I have processed the runs separately, and after dada2 I merge them with qiime feature-table merge. Then I analyze diversity (alpha and beta) with: qiime diversity alpha-group-significance; qiime diversity beta and qiime diversity beta-group-significance. They all give differences between the experimental condition (which is season: Autum-Run1, Spring-Run1 and Summer-Run2).

My problem comes when I look at PCoA plots (qiime emperor plot). The samples are clearly separated by run. I am afraid that runs are affecting my results.

I have tried deleting the second run (Summer) from the analysis to see whether my results would be affected or not. In the end I can still see differences between seasons.

So my questions are:
¿Can I make anything to solve the batch effect problem?
¿Should I analyze the runs separately?
¿Can I ignore the run effect (I got the same result with two runs and with only one run)?

This is the jaccard emperor plot where the run differences are seen in the scatter option.

jaccard_emperor.qzv (756.1 KB)

Thank you beforehand!

Nicholas_Bokulich · February 23, 2019, 12:31am

Hi @Jesus_Marin_Miret,
Thank you for sharing the emperor plot, that makes your problem much clearer.

Honestly, it sounds like the effect you are seeing is probably genuine, not run effect, but you cannot rule that out since you separated seasons by runs.

Nothing except re-sequencing at least a subset of samples. You could resequence a subset of each group — say 10 per group — on a new run to confirm that you replicate the same results for those samples. That would be enough in my mind to trust the original run results.

Yes, that is another option. If your goal is not to test seasonal effects, go for it!

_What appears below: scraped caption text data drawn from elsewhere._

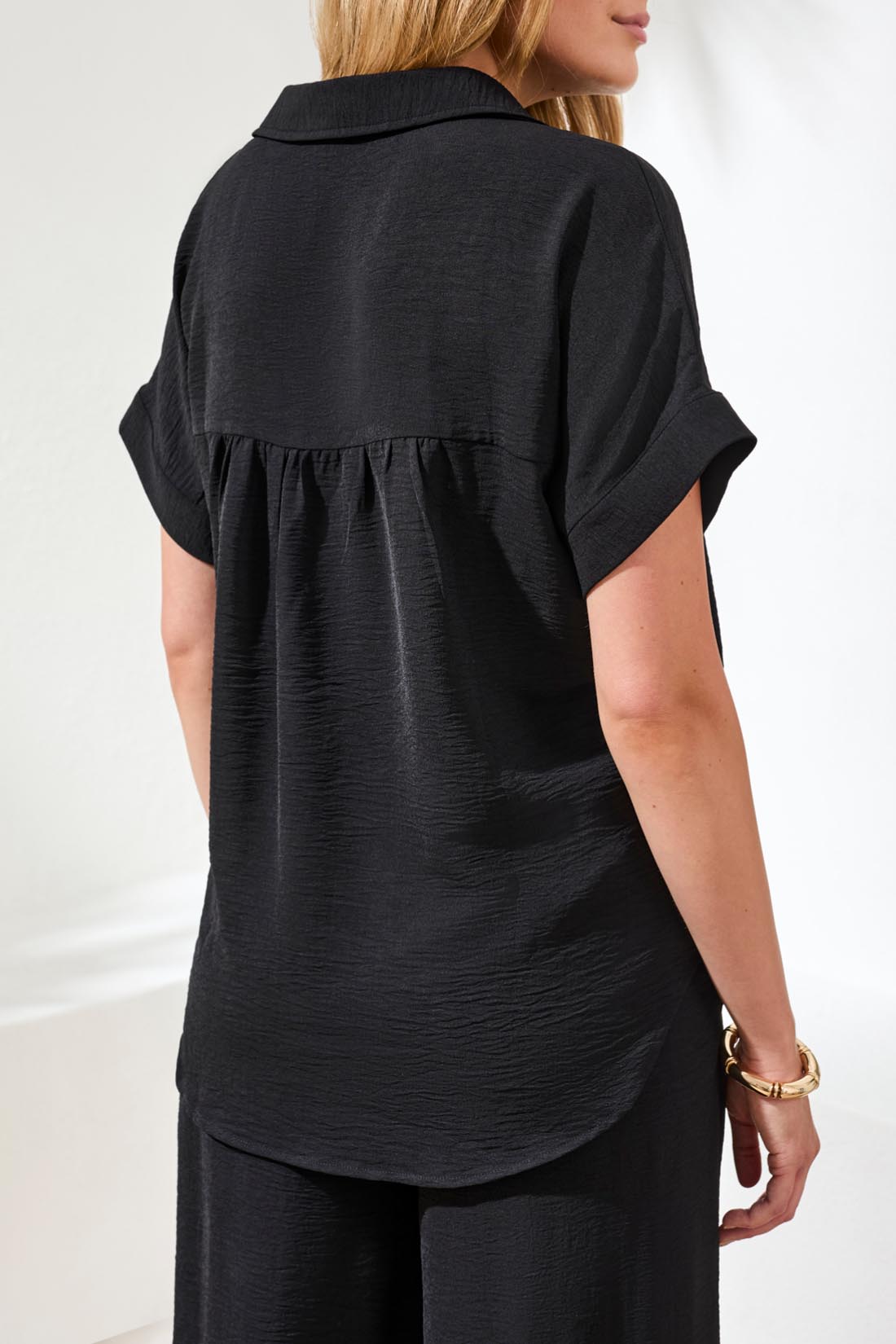 Airflow Relaxed Dolman Button-Down Shirt
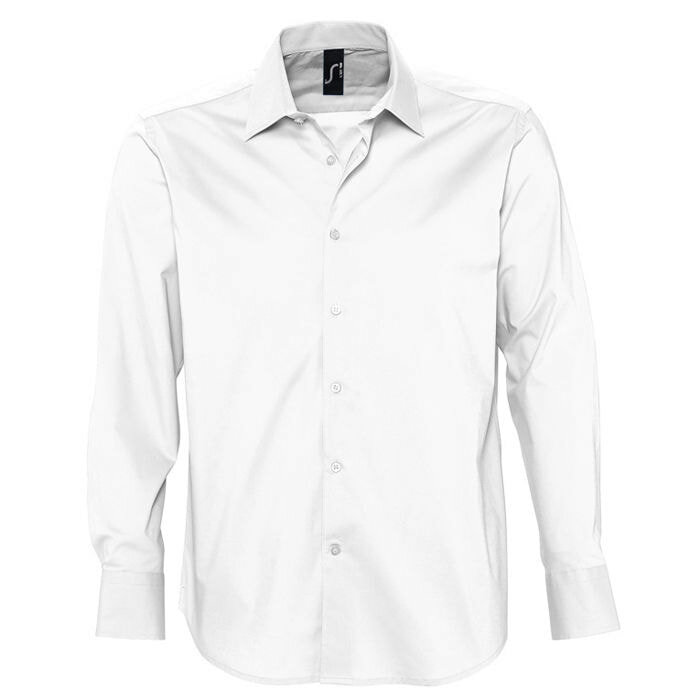 Рубашка &quot;Brighton&quot;, белый_XL, 97% хлопок, 3% эластан, 140г/м2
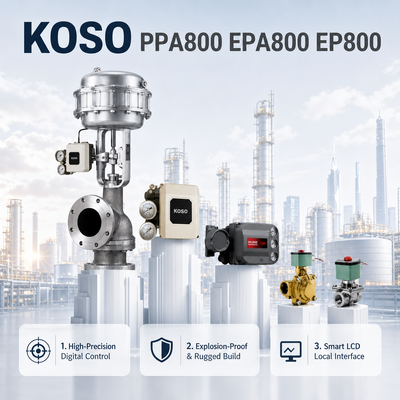 KOSO EP800 Series Electro Pneumatic Positioner PPA800 EPA800 Smart Valve Controller OEM Chứng minh nổ IECEx ATEX Chứng nhận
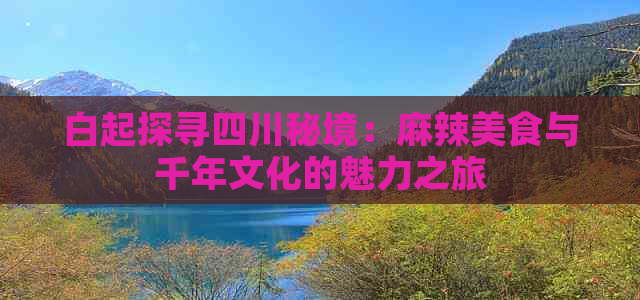 白起探寻四川秘境：麻辣美食与千年文化的魅力之旅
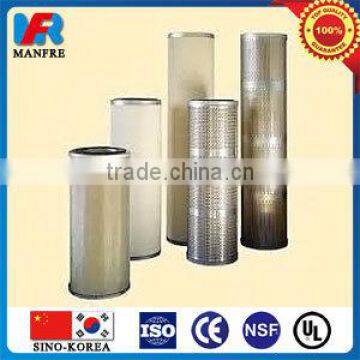 bulk fuel oil coalescer filter element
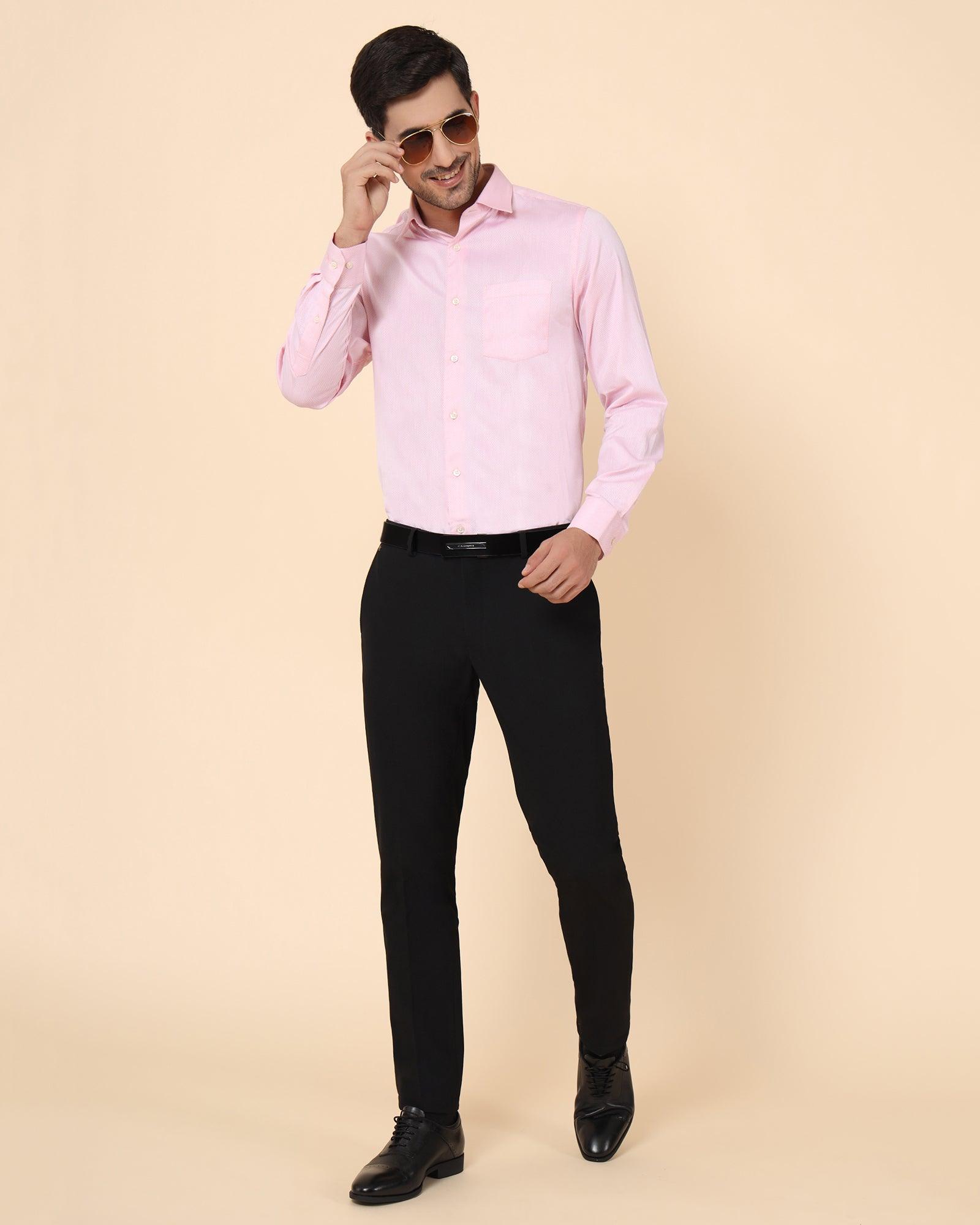 Formal Trouser: Shop Men Black Cotton Rayon Formal Trouser Online | Cliths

But it sounds like season effect is an important part of your experiment.

No definitely not. Just because Spring and Autumn are different does not mean that the Summer difference is not run effect.

I'd say go with the limited re-sequencing approach that I described above. It would result in minimal cost (provided a colleague is doing a sequencing run that can accommodate a small number of additional samples), and would be enough to validate the initial runs IF the new run does not suffer from batch effects of its own.

Good luck!

Jesus_Marin_Miret · February 25, 2019, 1:05pm

Hi @Nicholas_Bokulich, your help is very appreciated. I think we can re-sequence part of the sequences to validate the results.